With more than one million tickets sold ahead of tonight's draw, you might assume your chances of hitting the jackpot become slimmer with every ticket sale.
But, as University of Otago statistician Dr Matthew Parry earlier told the Herald, you'd be wrong to think so.
"The probability of winning doesn't change, that's always fixed no matter how many people are playing in the lottery," he said.
"It just depends on the numbers that come out [but the] more people play, more people are likely to win so, therefore, your payout slightly gets smaller."
But with your chances of winning Powerball are still slim - at around one in 38 million.
Last week, heavy traffic to the My Lotto website just before the draw caused trouble for players checking in to see if they'd struck gold.
The My Lotto website warned of potential problems accessing the site.
A visit to a special room complete with chocolate, champagne and tissues, at Lotto's head office in Auckland awaits the lucky winner.
They'll also receive a book full of tips of how to handle the life-changing win.
"The decision about what you do with your winnings is entirely yours - you will shape your future," the 60-page book states.
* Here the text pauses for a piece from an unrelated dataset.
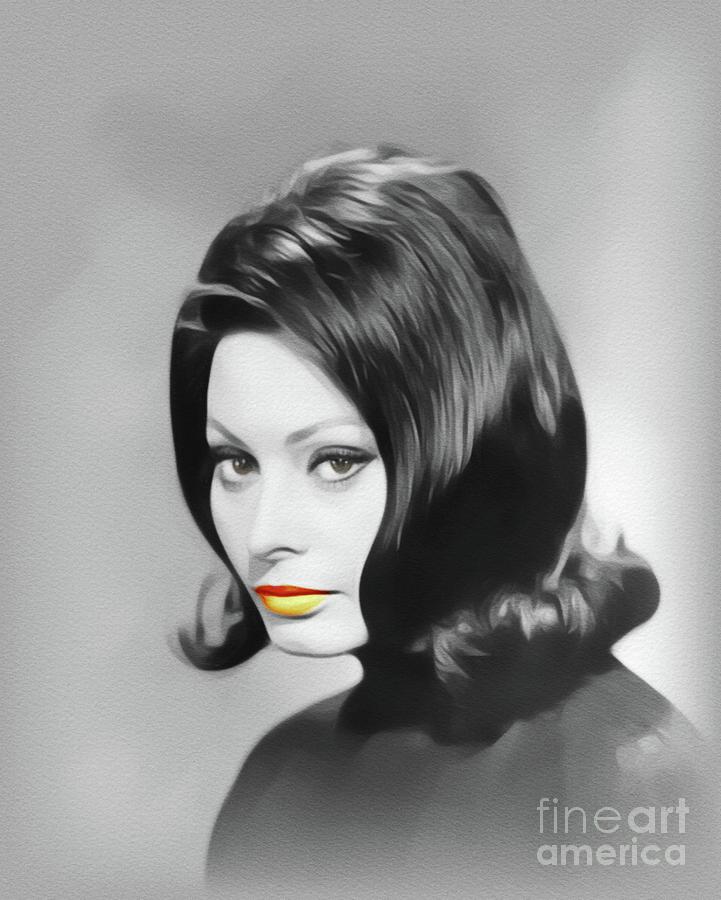 Sophia Loren, Vintage Movie Star #21 Painting by Esoterica Art Agency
"We hope this booklet helps you to understand the steps ahead of you, make your goals easier to reach and, of course, enjoy your winnings!
"We wish you all the best for the future, and hope you'll look back on the day you found out you were a winner as one of the happiest days of your life."
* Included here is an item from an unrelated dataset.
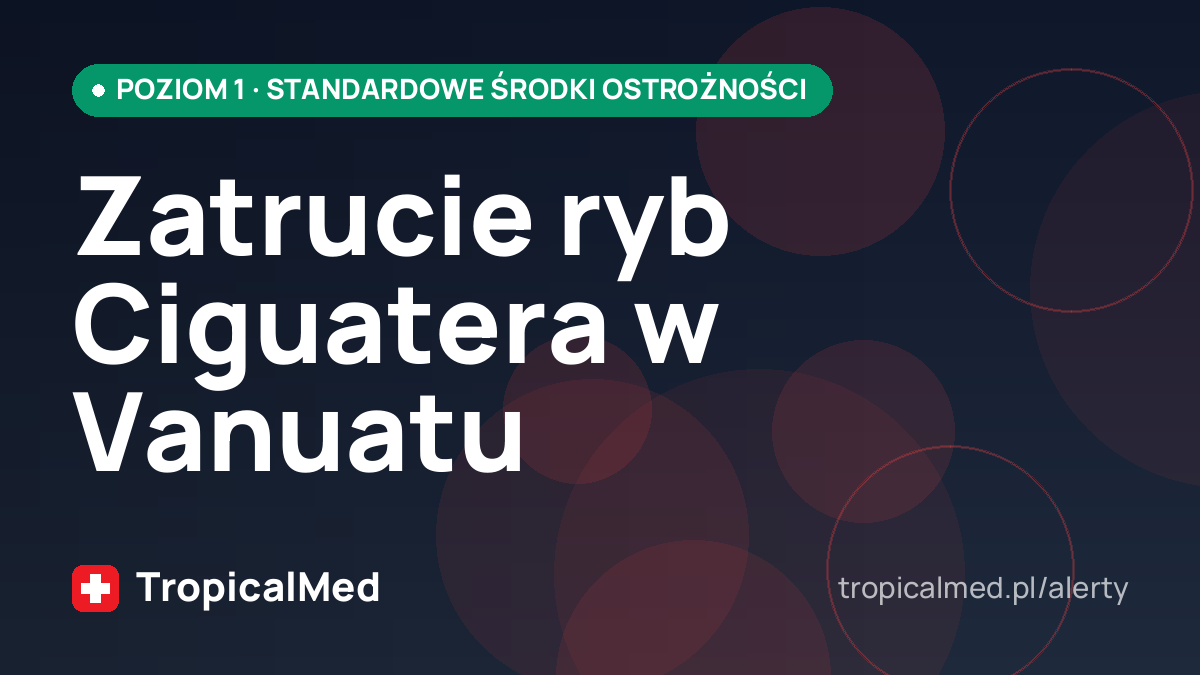 Zatrucie ryb Ciguatera w Vanuatu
But tomorrow is not the day to start spending newfound millions, Lotto winners are warned.
Craig Offwood from ANZ's Private Bank team told The Herald the moments after striking gold were "definitely not" the time to make any rash decisions.
"From our experience, it's clear what winners do with their prize has a huge impact on the rest of their lives."
Seeking professional advice was an important step in the days after people came into a significant amount of money, Offwood said.
"Many people will inherit money at some point in their life, and although the sum may be less than a Lotto jackpot, the challenge is always the same," he said.
"Over the years, we have seen some great success stories. Equally, there have been some cases where they have squandered their jackpot.
"After failing to heed advice, they have gone on a spending spree with the unfortunate belief the winnings would last forever.
"The last thing you want is to find yourself with no money in 10 years' time."
However they'll likely have enough to splurge on a set of bagpipes, a gastric bypass, Prada shoes, or whatever takes their fancy, in the vein of past Lotto winners.
According the Winners' Book, most Powerball winners splashed on a new house, paid off mortgages, helped family members travelled overseas and donated to charity.
But for others, professional tattoos, face lifts, fertility treatment and even a buffalo-hunting trip fit the bill.
Two lucky Powerball winners won $19.1m each in October last year, sharing the same ticket numbers for a $38m draw.
Four months on, one of the pair has just bought their dream house, even if she still drives the same $2000 car from before her days as a multi-millionaire.
"We've always dreamt of owning our own home and now it's a reality – though it's still quite hard to believe."
Both winners of the $38m draw told the future Powerball winner to keep things simple.
"My top piece of advice is to take your time, make sure you have a solid plan in place, and you have a financial adviser that you're comfortable with," one said.
Previous winners' advice
• Think before you spend: It's best to spend some time to think about your win and what you really want to do with the money before you start forking out;
• Secrecy: Be really careful who you decide to tell about your good fortune;
• Financial advice: Getting help from a professional, they know what they're up to;
• Have fun: It's important to remember to take time to do the things you've always wanted to do for fun, once you've locked in funds for the future.